------ MATERIAL FOR THIS TASK

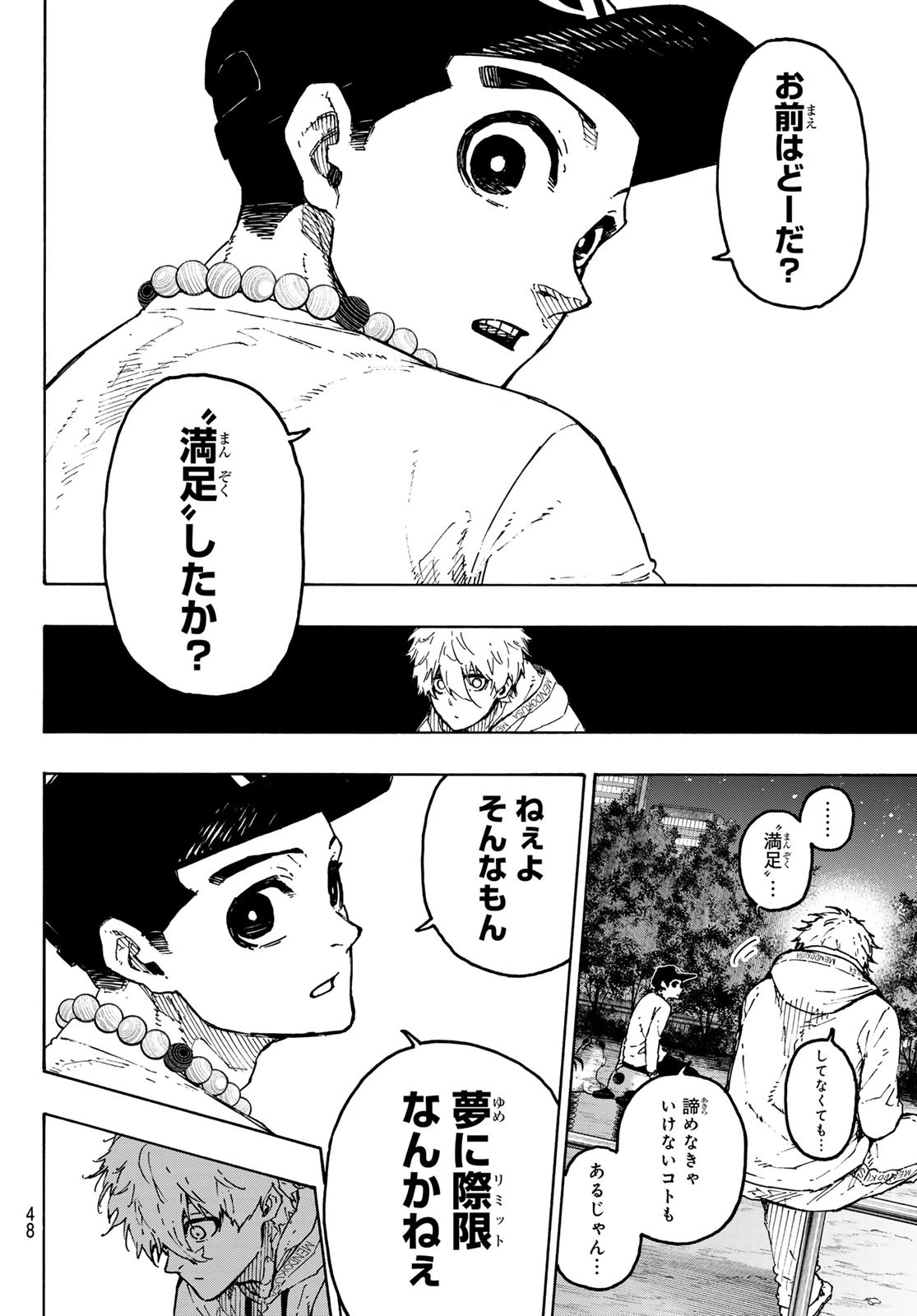 ブルーロック 第310話 - 6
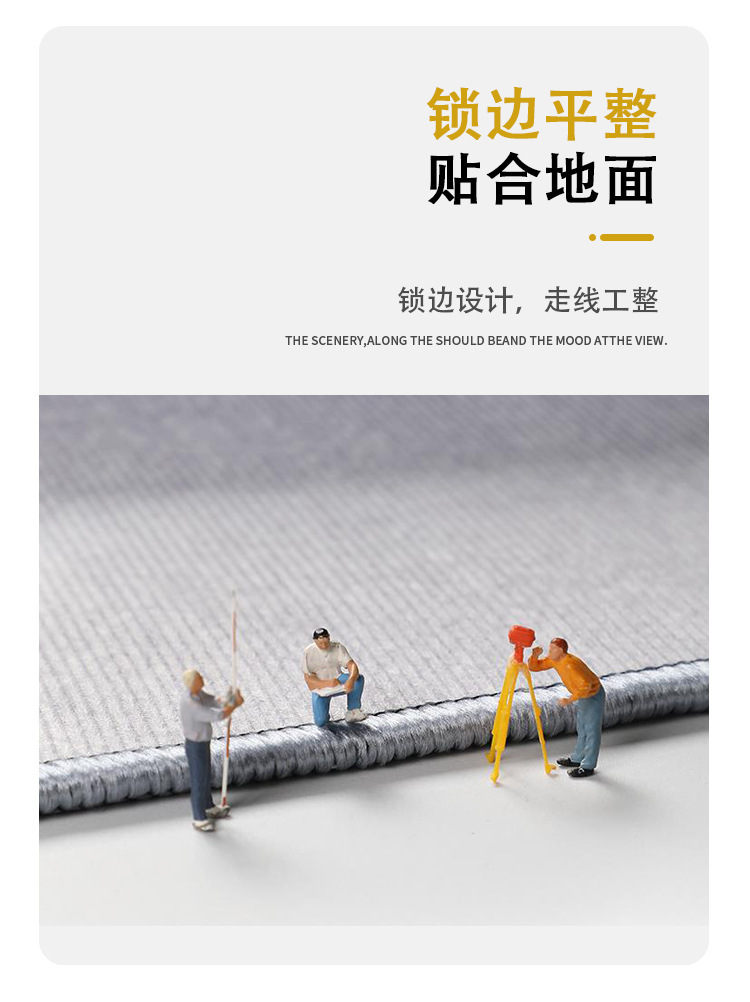 Classic vertical and horizontal striped entrance mat, simple retro design, dirt-resistant and dust-collecting foot mat for home and garden, available for delivery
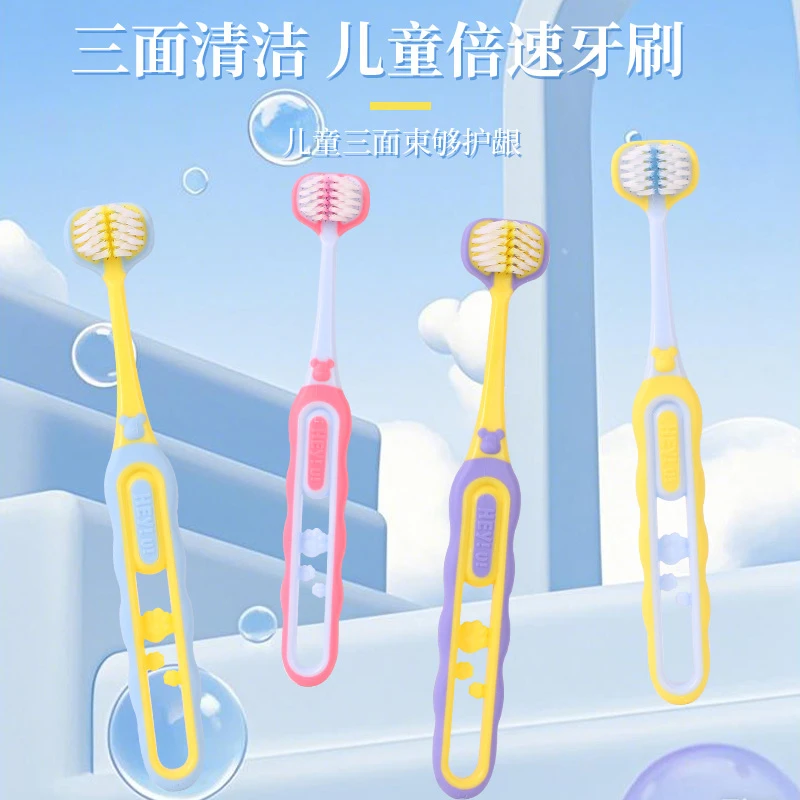 三面牙刷3-12岁儿童专用三面刷头立体包裹式牙刷儿童牙具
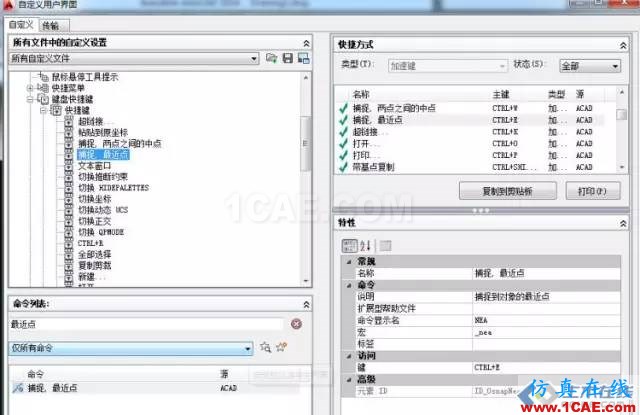 盤點(diǎn)CAD中那些相見恨晚的技巧【AutoCAD教程】AutoCAD學(xué)習(xí)資料圖片5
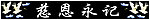 祭奠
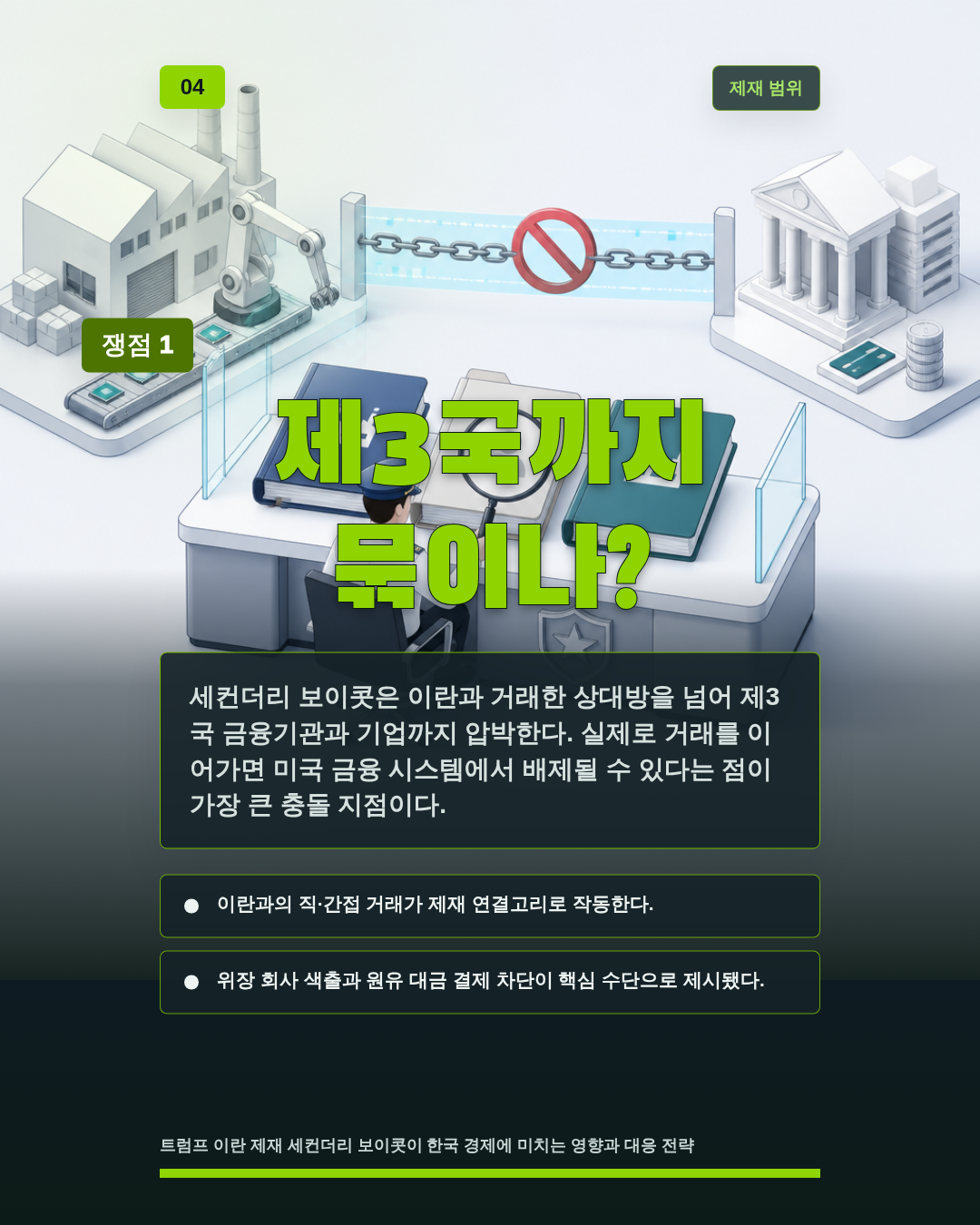 제3국까지 묶이나?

------------

When repeating the entries, leave out every picture and keep the rest exact.

SOLUTION FOR THIS PROBLEM:
 ブルーロック 第310話 - 6
 Classic vertical and horizontal striped entrance mat, simple retro design, dirt-resistant and dust-collecting foot mat for home and garden, available for delivery
 三面牙刷3-12岁儿童专用三面刷头立体包裹式牙刷儿童牙具
 盤點(diǎn)CAD中那些相見恨晚的技巧【AutoCAD教程】AutoCAD學(xué)習(xí)資料圖片5
 祭奠
 제3국까지 묶이나?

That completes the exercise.